Location
- Ward No.1, At & Post:Khimat - 385545, Dhanera Taluka, Gujarat Khimat, 385545 India 24°29′44″N 72°11′12″E﻿ / ﻿24.49547°N 72.18664°E

Information
- Type: Private school
- Established: 2012; 14 years ago
- Founder: Jogani Family
- Grades: 9–12
- Gender: Co-Ed
- Affiliation: Gujarat Secondary and Higher Secondary Education Board

= TMS Jogani High School =

TMS Jogani Vidhyala is a co-educational High School located in Khimat Village of Dhanera Taluka of Vav-Tharad district of Gujarat, India. The full name of school is Smt. Taraben Manchhalal Samjibhai Jogani Vidhyala. It is named after founder and chief donor Jogani family's mother, which they named as a memorial to her.

The high school was established in 2012, and it grew out of TMS Jogani Jagruti Primary School. Firstly, Primary School was founded in 1997, which consists of class from 1st to 8th. As need for high school arose, the trustees decided to start high school in village, so students do not have to go out of village for higher classes. Thus in 2012 TMS Jogani Vidhyala was founded, which consists of class of 9th to 12th.

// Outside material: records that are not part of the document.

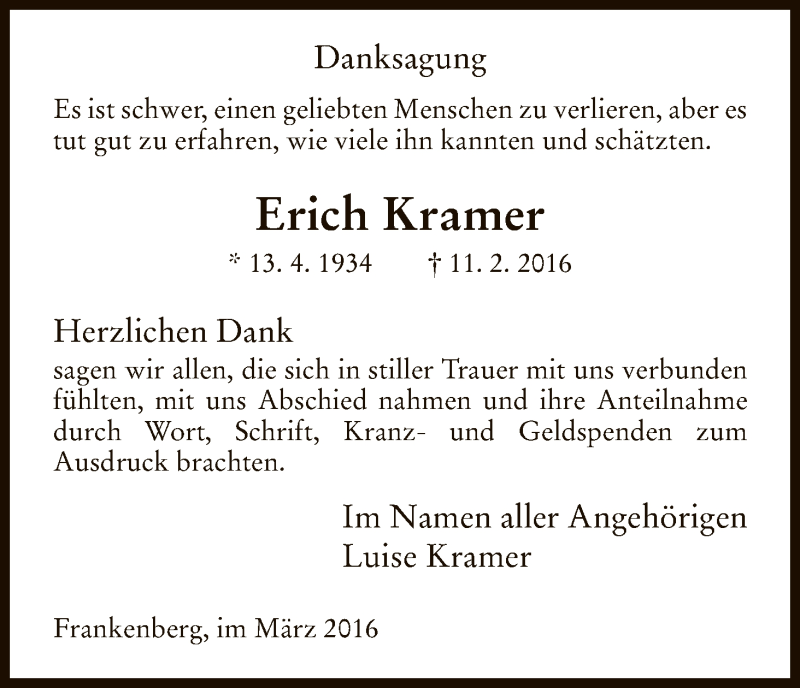  Traueranzeige für Erich Kramer vom 12.03.2016 aus HNA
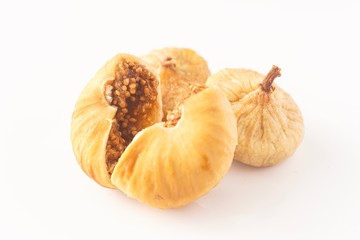 Dried figs isolated against white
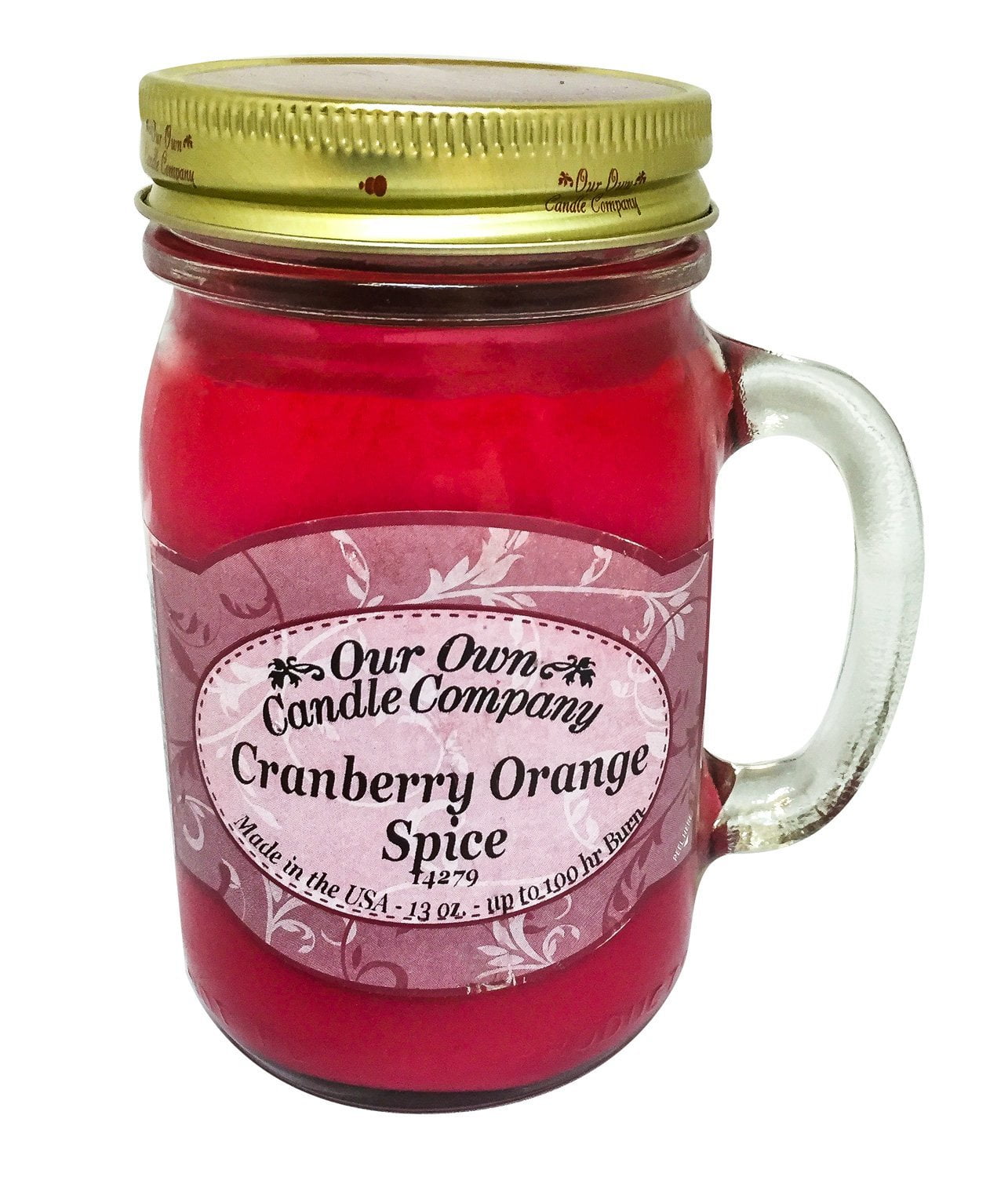 Cranberry Orange Spice Scented Candle 13 oz Mason Jar by Our Own Candle Company 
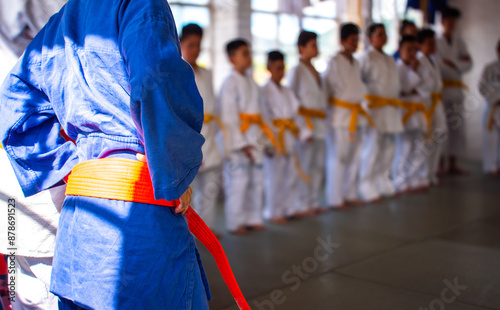 Selective focus in judo class  with some students 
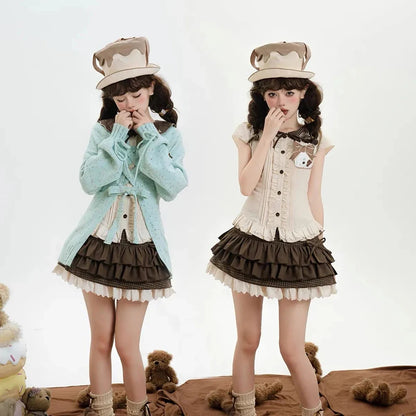 Japanese Sweet Lolita Mini Skirts Women Y2K Kawaii Lace Patchwork Bow Cake Skirt Femme High Waist Preppy All Match A Line Skirts.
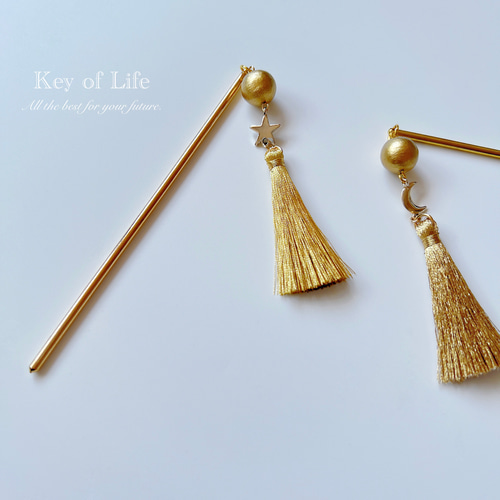 Key of Life▶︎髪飾り/かんざし 【 三日月と一番星 】コットン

The school is privately run school, run by private charitable trust. It is affiliated to Gujarat Secondary and Higher Secondary Education Board

The school also often organises many social, cultural, quiz and educational programs. The Gujarat State Health department under National Tobacco Control Program also held awareness and drugs awareness and de-addiction program in school in 2022.